Dabei setzt die Erstattungsfähigkeit solcher Kosten nicht voraus, dass das Privatgutachten im Rahmen einer ex-post Betrachtung tatsächlich die Entscheidung des Gerichts beeinflusst hat oder im Rechtsstreit und Kostenfestsetzungsverfahren vorgelegt wird und Überzeugungskraft hat. Dient das eingeholte Gutachten dagegen der allgemeinen und routinemäßigen Prüfung der Einstandspflicht, sind die Kosten nicht erstattungsfähig.
Rz. 57
Strenger beurteilt die Rechtsprechung die Erstattungsfähigkeit von Detektivkosten. Dies folgt aus dem Gebot einer sparsamen Prozessführung. Grundsätzlich müssen sich diese Kosten gemessen an den wirtschaftlichen Verhältnissen der Parteien und der Bedeutung des Streitgegenstandes in vernünftigen Grenzen halten. Darüber hinaus muss der Auftrag prozessbezogen, konkret umrissen und zur Bestätigung eines bestimmten Verdachts erfolgen. Der Auftrag ist daher so zu gestalten, dass der beauftragende Versicherer die Ausführung überwachen kann und die Entscheidung über Beginn, Inhalt, Umfang, Dauer und Abbruch der Ermittlungen nicht völlig dem Detektiv überlässt.
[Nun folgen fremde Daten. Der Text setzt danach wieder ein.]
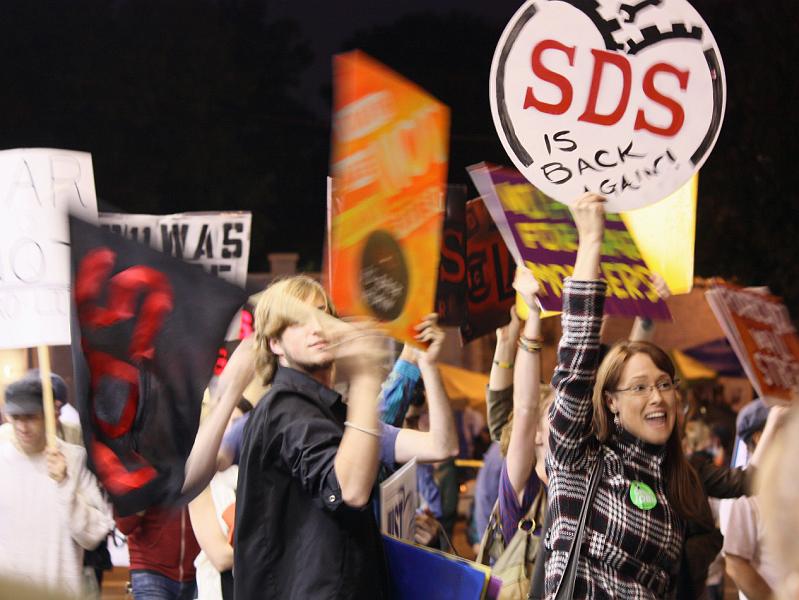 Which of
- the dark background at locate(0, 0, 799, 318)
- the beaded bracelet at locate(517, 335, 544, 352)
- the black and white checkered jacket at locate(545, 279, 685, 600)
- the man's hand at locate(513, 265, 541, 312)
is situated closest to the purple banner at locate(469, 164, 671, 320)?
the man's hand at locate(513, 265, 541, 312)

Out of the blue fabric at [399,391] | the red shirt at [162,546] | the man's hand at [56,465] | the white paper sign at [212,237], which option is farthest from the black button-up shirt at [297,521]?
the white paper sign at [212,237]

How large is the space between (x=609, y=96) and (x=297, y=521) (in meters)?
1.74

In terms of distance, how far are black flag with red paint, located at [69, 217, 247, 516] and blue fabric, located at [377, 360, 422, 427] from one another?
1405mm

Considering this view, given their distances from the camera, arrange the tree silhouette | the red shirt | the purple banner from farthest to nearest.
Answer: the tree silhouette → the red shirt → the purple banner

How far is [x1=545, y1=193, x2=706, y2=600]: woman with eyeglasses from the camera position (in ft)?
11.9

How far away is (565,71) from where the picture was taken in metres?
4.16

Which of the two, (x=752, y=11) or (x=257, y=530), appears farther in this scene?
(x=752, y=11)

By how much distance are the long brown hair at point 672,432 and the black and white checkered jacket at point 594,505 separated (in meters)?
0.05

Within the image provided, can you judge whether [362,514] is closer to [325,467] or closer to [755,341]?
[325,467]

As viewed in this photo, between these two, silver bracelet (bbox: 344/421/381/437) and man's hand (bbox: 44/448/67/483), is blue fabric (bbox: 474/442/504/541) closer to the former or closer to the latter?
man's hand (bbox: 44/448/67/483)

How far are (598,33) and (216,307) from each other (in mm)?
1547

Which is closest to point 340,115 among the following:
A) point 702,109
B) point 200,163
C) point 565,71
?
point 565,71

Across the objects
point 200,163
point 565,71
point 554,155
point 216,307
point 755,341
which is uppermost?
point 565,71

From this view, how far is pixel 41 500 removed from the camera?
5594 mm
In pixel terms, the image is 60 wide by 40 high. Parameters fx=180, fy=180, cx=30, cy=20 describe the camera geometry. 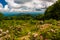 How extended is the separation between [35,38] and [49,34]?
109 centimetres

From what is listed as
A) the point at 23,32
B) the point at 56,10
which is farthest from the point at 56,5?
the point at 23,32

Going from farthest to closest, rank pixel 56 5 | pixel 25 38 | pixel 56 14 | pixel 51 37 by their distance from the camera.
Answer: pixel 56 5 < pixel 56 14 < pixel 25 38 < pixel 51 37

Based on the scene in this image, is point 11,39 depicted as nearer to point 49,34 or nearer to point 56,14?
point 49,34

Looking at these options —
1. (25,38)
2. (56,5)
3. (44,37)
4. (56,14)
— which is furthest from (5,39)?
(56,5)

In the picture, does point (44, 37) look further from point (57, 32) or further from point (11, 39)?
point (11, 39)

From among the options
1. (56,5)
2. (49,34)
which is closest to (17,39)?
(49,34)

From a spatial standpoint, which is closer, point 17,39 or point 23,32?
point 17,39

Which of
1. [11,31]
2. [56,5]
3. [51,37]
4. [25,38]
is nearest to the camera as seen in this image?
[51,37]

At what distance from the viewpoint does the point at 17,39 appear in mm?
14273

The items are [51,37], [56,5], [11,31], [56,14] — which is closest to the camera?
[51,37]

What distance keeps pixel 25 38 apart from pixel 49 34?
1982 millimetres

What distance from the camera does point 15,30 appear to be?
15844 millimetres

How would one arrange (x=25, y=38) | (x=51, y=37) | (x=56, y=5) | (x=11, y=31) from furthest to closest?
(x=56, y=5) → (x=11, y=31) → (x=25, y=38) → (x=51, y=37)

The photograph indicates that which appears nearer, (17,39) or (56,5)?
(17,39) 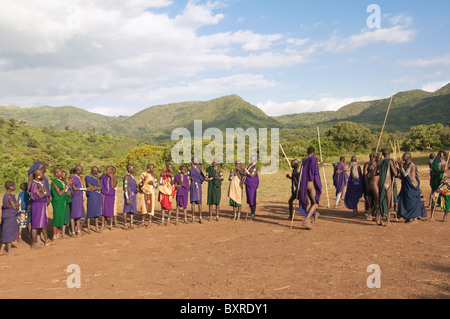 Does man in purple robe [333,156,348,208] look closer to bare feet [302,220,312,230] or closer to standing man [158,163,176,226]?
bare feet [302,220,312,230]

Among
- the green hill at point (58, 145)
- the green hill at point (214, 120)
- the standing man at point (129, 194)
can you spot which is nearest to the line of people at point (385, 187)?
the standing man at point (129, 194)

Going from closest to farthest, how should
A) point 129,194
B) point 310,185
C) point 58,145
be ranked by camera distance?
point 310,185
point 129,194
point 58,145

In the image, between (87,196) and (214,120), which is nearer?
(87,196)

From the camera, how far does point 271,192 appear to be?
17.6 metres

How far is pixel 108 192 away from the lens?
31.6 feet

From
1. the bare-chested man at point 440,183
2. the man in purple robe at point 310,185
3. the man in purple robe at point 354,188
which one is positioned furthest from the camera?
the man in purple robe at point 354,188

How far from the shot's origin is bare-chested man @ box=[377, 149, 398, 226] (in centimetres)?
938

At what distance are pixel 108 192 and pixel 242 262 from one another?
468 cm

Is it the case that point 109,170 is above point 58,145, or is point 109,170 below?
below

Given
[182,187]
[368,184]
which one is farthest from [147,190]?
[368,184]

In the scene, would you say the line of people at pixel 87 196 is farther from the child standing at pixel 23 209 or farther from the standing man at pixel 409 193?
the standing man at pixel 409 193

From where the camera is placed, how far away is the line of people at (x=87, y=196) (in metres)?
7.88

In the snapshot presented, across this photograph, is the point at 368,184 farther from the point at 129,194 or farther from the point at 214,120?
the point at 214,120
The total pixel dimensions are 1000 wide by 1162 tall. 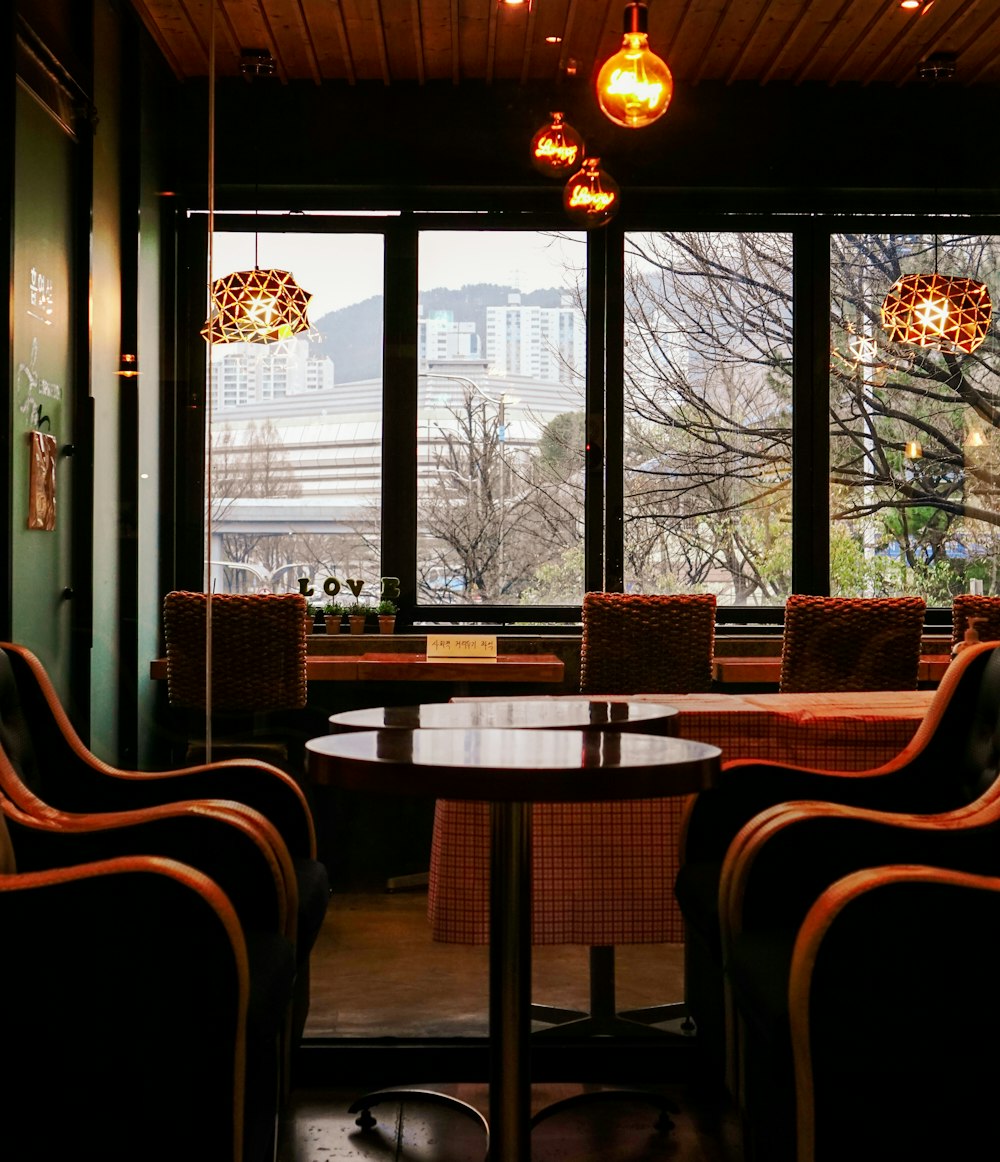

Der BGH formuliert hinsichtlich der Erstattungsfähigkeit von Detektivkosten nach § 91 Abs. 1 ZPO in ständiger Rechtsprechung, dass eine vernünftige Prozesspartei berechtigte Gründe haben muss, eine Detektei zu beauftragen. Hinzukommen müsse, dass die Detektivkosten sich – gemessen an den wirtschaftlichen Verhältnissen der Parteien und der Bedeutung des Streitgegenstandes – in vernünftigen Grenzen halten und prozessbezogen waren, die erstrebten Feststellungen wirklich notwendig waren sowie die Ermittlungen aus ex-ante-Sicht nicht einfacher und/oder billiger erfolgen konnten. Die Beeinflussung des Prozessausgangs sei regelmäßig ein Indiz für die Notwendigkeit, nicht jedoch Voraussetzung der Erstattungsfähigkeit. Des Weiteren wird verlangt, dass der Auftrag an die Detektei zur Bestätigung eines bestimmten festen Verdachts erteilt wurde.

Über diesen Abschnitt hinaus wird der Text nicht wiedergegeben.